Just the 16MB one, I believe from my testing. The datasheets are a bit coy on the subject, but I think the 8MB ones can do a burst read through a page boundary, provided the /CE is only held asserted (low) for <8μs.
 
Done some work on this, and it appears a limited version of the pre-fetch code could be used to get a 7% speed improvement even with the ISSI chip. The original PSRAM can get to 15% faster, so maybe detection at startup would be the way to go.

Only worth thinking further about once Teensyduino 1.60 development starts getting bandwidth again ... even then, maybe it's a 1.61 feature ... so maybe 2027, based on recent release cycle timings.
 
After a number of frustrating delays, these 16MB PSRAM parts are finally available. The chip mfr had to do a chip run to complete the order which took longer than they originally planned.

ProtoSupplies.com will add these as additional order options to our various custom versions of the Teensy 4.1 with either 32MB PSRAM or 16MB PSRAM + 256MB/2Gb Flash configurations added.

For now, the maximum quantity of raw chips that can be ordered by DIY’ers will be limited to quantity 4 until long-term supply of the parts is better understood. Pricing is initially set at $5.95/ea. I believe SparkFun will also be offering these parts which will hopefully help increase overall availability.

For those that don’t really need the extra memory, the current 8MB PSRAM chips are generally the better option. They are lower cost per byte and can be pushed to higher speeds (166MHz vs 120MHz) for any speed demons out there.

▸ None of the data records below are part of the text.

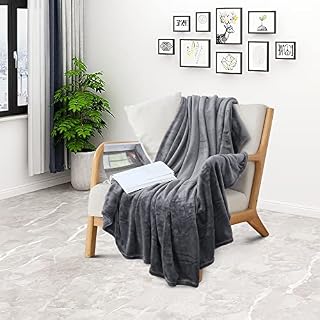 Kaket Flannel Blanket 70 x 100 CM, Soft Fluffy Warm Flannel Throws, Ultra Soft Small Blanket Throw for Bed Sofa Couch (Dark Grey, 70 x 100 CM)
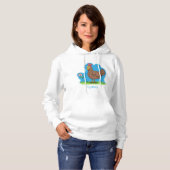 Rustikaler, weißer Cartoon Hoodie (Vorne ganz)
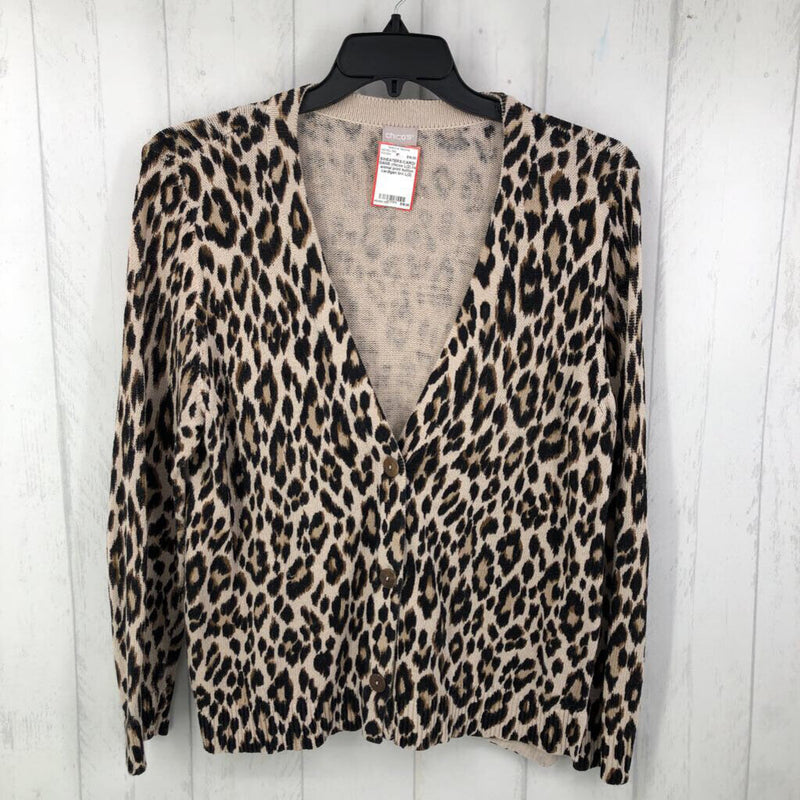 L(2) l/s animal print button cardigan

When mated with a Flash chip, that limits the bus speed to about 132MHz for the 8MB PSRAM and still 120MHz for the 16MB PSRAM. If you need 16MB PSRAM and no Flash, two 8MB parts are cheaper and potentially faster.

Keep in mind that the 16MB PSRAM parts will require the use of the current Teensyduino 1.60 Beta 5 or later release.

If any issues related to these specific 16MB PSRAM parts are identified, please post to this thread to give visibility. @PaulStoffregen and @h4yn0nnym0u5e have setups to help investigate and @defragster will have a setup soon as well.

Bare chip link
Teensy Fully Loaded – Breadboard compatible version of Teensy 4.1
Teensy Fully Loaded for Prototyping System – PCB Baseboard compatible version of Teensy 4.1
International Customer Info
 
Looks like I have another reason to wrap up a 1.60 release "soon".

It there any lingering config issue for these 16MB parts? I seem to recall something about prefetch, but it's not currently on my radar.
 
I delayed as long as I could!

@h4yn0nnym0u5e and @jmarsh were working on the prefetch stuff as noted above starting in post #127 and captured in https://github.com/PaulStoffregen/cores/pull/708. Prefetch is a nice speed improvement, but the 16MB parts require some extra hand-holding which h4yn0nnym0u5e seems to have a handle on. Probably not a must have for the 1.60 release unless it is a low risk drop-in.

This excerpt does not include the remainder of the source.